Thursday, February 28, 2013

Learning to Live with a Little Fear

What is it about getting things right that matters?  I mean really--I work with many competent people who I give permission (mentally or actually) to mess up or not know on a daily basis--but sometimes I fear doing those things myself.  Some people might not see that as problematic and could rationalize that as my having high standards for myself.  The trap in this way of thinking though, is that the fear of messing up can get in the way of my trying new things or make me regret rather than appreciate going through an inevitable learning curve. 

This lines up with something I read recently about risk taking and failure as the only real way to get better at something.  The writer was citing research findings from Harvard psychologist Daniel Gilbert whose work shows that we fear failure will hurt more than it does. Gilbert found not only that, but also that when we don't act because of that fear, the things we never did become the territory for regret.  Essentially, Gilbert's findings are that we should experience, experiment and fail rather than play it safe and "get it right." 

I can see that I have gravitated over time toward things I like, things that align with my strengths, and thus things I am good at.  There's nothing wrong with that on one level.  Honestly, it's a bit of a relief not to be trying to do it all--like the equivalent of taking flute lessons and learning to speak Spanish and going to soccer camp all at once when you were a little kid.  As I found hobbies I loved or academic subjects I preferred to study, though, and I went further and further in those directions, I moved farther away from what I didn't know or what pushed me outside my comfort zone.  I have gone in the direction of things I am good at--and this has led me farther and farther into comfort and away from risk.

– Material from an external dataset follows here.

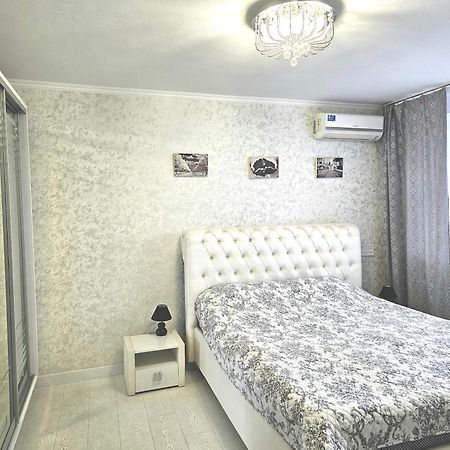 Black And White Apartment Chisinau Bagian luar foto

As I experience less risk, I then become less comfortable with the fear.  For example, I have been working on several arm balances in my yoga practice.  If you ask me in the abstract what would be so bad about falling out of headstand or crow, I would say I might get a bump or bruise, or honestly worse that that, it might be embarrassing.  If you ask me if that is a big enough concern to stop me, I would say no.  Put me in a room full of other people doing yoga though and every time I go into headstand, I hit a moment of hesitation-- an instant of fear.  I typically push through it but it's amazing that it hasn't gone away!  The lesson I am finding there is about the importance of experiencing risk so that I have a tolerance for it--because I am beginning to see that the fear doesn't really go away as much as I get used to it, appreciate it, and need to remind myself that whatever I'm afraid of is not going to be that bad.










 

Friday, February 8, 2013

A Gift of Time and Space

One of the greatest gifts of being a teacher is a snow day--and not just because I get to sleep late.  I love the gift of time and space that a snow day brings. 

Instead of seeing the inconvenience of needing to get groceries in the crowds and then being trapped at my house, I appreciate the open space the storm creates.  In a storm, especially one predicted to be as nasty as the one currently blanketing much of New England, I can't run around and try to do too much--which might be my natural tendency on any other day when I am not at work.  It would be too physically dangerous in the midst of a blizzard.

As I sit here on my sofa, having crossed a few tasks off each to-do list I have, but also having watched a show that has been sitting on my DVR and having stared out the window a bit and having talked to my mom, and having given the dog a good scratch--none of which I would have planned to do if I had known I was going to have all these hours of time I didn't expect to have--I am appreciating the sense of space I suddenly feel. Why is it so hard to find this without the storm?  Why do I have to be surprised into keeping time free?

Here's what usually gets in my way: I find it so easy to get caught up in all the things I want to get done--or need to get done--and I plan (or overplan) any "open" space until it's no longer space.  When I have time "free" on the weekend--I plan brunch with friends, I schedule a hair cut, I go food shopping.  That is not the kind of free time I need more of.  What I want is time when I don't have a plan or the pressure to move through any checklist.  I want the freedom to decide what to do based on what I want to do right now--not on the plan.  Yesterday afternoon, I came home from work knowing school was cancelled today.  I ditched my plan to go run at the gym--because I knew I could fit it in today if I needed to.  I came home and cooked.  I just felt like hunkering down and doing some baking--so I did. 

There is something freeing about this gift of time--I can't waste it because I didn't have anything planned.  Even if I sat down and stared into space for a few hours, that's not a waste of this time I didn't think I would ever have. All of this has me thinking about how much pressure it creates to plan every spare minute or even to keep a running list of things to do if I get a spare minute.  Sometimes it pays to ditch the to-do lists and just do what I want, right now.  Thank you mother nature for this reminder.